- Directed by: Larry Kent
- Written by: Larry Kent Robert Harlow
- Produced by: Larry Kent
- Starring: Patricia Gage Douglas Campbell Neil Dainard
- Cinematography: Doug McKay
- Edited by: Hajo Hadeler
- Music by: Jack Dale
- Production company: Larry Kent Productions
- Release date: November 24, 1965;
- Running time: 87 minutes
- Country: Canada
- Language: English

= When Tomorrow Dies =

When Tomorrow Dies is a Canadian drama film, directed by Larry Kent and released in 1965. The film stars Patricia Gage as Gwen James, a housewife trapped in an unfulfilling marriage to Doug (Douglas Campbell), who returns to university and embarks on an extramarital affair with her professor Patrick Trevelyan (Neil Dainard).

The film was shot in Vancouver, British Columbia, for a budget of $100,000, the largest budget Kent had worked with on any of his films to that time. It also marked his first time directing a screenplay that he had not written entirely on his own, as the film was written primarily by University of British Columbia creative writing professor Robert Harlow.

The film had its theatrical premiere on November 24, 1965 in Vancouver.

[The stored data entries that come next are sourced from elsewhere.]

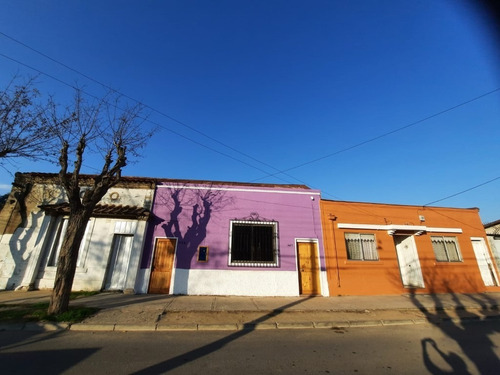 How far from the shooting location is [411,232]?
12.6m

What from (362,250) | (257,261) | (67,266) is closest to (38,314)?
(67,266)

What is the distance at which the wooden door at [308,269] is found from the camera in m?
11.0

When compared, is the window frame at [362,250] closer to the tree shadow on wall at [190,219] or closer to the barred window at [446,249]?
the barred window at [446,249]

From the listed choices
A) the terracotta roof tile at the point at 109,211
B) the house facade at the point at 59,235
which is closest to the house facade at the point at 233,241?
the terracotta roof tile at the point at 109,211

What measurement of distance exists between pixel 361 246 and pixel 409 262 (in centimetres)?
325

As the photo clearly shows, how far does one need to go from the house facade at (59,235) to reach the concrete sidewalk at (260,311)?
3.09 ft

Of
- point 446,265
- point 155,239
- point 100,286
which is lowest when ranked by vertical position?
point 100,286

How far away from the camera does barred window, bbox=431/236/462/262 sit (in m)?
12.8

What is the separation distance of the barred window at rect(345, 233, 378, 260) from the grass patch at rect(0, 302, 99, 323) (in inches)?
431

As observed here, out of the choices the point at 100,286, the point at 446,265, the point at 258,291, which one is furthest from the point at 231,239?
the point at 446,265

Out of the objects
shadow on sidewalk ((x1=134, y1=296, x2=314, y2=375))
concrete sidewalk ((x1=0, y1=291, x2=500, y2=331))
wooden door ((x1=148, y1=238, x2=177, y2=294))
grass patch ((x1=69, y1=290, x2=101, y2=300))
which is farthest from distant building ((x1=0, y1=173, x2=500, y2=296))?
shadow on sidewalk ((x1=134, y1=296, x2=314, y2=375))

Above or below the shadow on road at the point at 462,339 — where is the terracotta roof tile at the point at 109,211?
above

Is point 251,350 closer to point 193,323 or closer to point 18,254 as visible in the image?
point 193,323

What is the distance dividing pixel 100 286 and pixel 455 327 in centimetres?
1290
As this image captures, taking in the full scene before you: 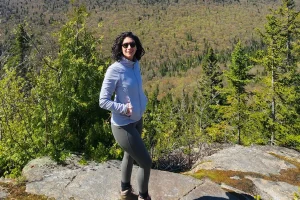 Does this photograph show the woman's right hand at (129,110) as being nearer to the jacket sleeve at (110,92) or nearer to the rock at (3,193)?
the jacket sleeve at (110,92)

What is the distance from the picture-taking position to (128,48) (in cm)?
402

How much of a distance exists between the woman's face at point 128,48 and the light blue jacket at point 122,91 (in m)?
0.07

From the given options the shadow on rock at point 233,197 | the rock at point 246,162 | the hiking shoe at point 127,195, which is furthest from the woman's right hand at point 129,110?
the rock at point 246,162

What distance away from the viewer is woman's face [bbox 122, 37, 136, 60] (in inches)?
158

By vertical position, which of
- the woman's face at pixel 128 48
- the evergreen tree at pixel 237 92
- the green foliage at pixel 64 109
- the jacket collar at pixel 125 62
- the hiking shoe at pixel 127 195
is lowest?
the evergreen tree at pixel 237 92

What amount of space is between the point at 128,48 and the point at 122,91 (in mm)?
577

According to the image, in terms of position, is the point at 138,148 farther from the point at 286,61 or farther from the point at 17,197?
the point at 286,61

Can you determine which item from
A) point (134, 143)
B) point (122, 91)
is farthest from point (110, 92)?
point (134, 143)

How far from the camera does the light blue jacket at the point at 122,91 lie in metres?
3.89

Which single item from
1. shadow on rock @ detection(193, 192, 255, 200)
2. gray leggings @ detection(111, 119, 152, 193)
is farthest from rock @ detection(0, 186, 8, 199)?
shadow on rock @ detection(193, 192, 255, 200)

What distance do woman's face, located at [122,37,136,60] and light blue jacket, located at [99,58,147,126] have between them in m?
0.07

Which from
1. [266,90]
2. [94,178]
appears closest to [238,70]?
[266,90]

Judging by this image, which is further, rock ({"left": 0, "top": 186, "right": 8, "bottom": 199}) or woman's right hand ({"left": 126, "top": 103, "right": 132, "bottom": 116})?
rock ({"left": 0, "top": 186, "right": 8, "bottom": 199})

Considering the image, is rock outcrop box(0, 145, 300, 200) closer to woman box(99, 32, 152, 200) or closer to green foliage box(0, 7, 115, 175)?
green foliage box(0, 7, 115, 175) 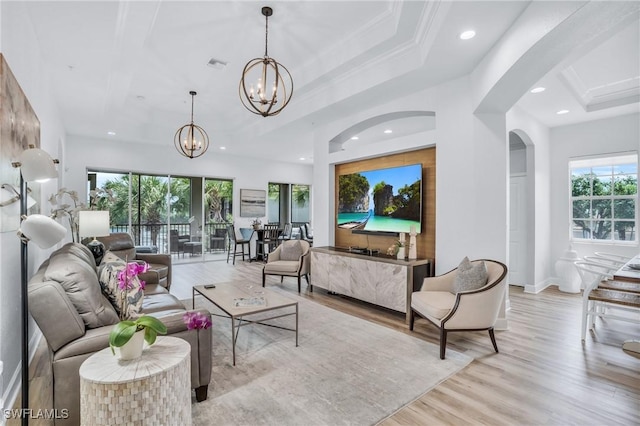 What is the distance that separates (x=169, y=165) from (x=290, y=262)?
462cm

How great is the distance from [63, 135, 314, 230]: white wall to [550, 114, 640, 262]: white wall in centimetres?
693

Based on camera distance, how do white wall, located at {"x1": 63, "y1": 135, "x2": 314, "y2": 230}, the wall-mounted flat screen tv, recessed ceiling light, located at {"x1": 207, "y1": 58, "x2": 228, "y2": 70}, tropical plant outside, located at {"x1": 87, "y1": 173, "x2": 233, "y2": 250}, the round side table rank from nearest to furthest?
the round side table, recessed ceiling light, located at {"x1": 207, "y1": 58, "x2": 228, "y2": 70}, the wall-mounted flat screen tv, white wall, located at {"x1": 63, "y1": 135, "x2": 314, "y2": 230}, tropical plant outside, located at {"x1": 87, "y1": 173, "x2": 233, "y2": 250}

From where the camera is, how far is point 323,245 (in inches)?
220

It was later screened at the 1984 Festival of Festivals as part of Front & Centre, a special retrospective program of artistically and culturally significant films from throughout the history of Canadian cinema. It was also part of a retrospective of Kent's films, alongside The Bitter Ash, Sweet Substitute and High, which screened at a number of venues in 2002 and 2003, including Cinematheque Ontario in Toronto, the Pacific Cinémathèque in Vancouver and the Canadian Film Institute in Ottawa.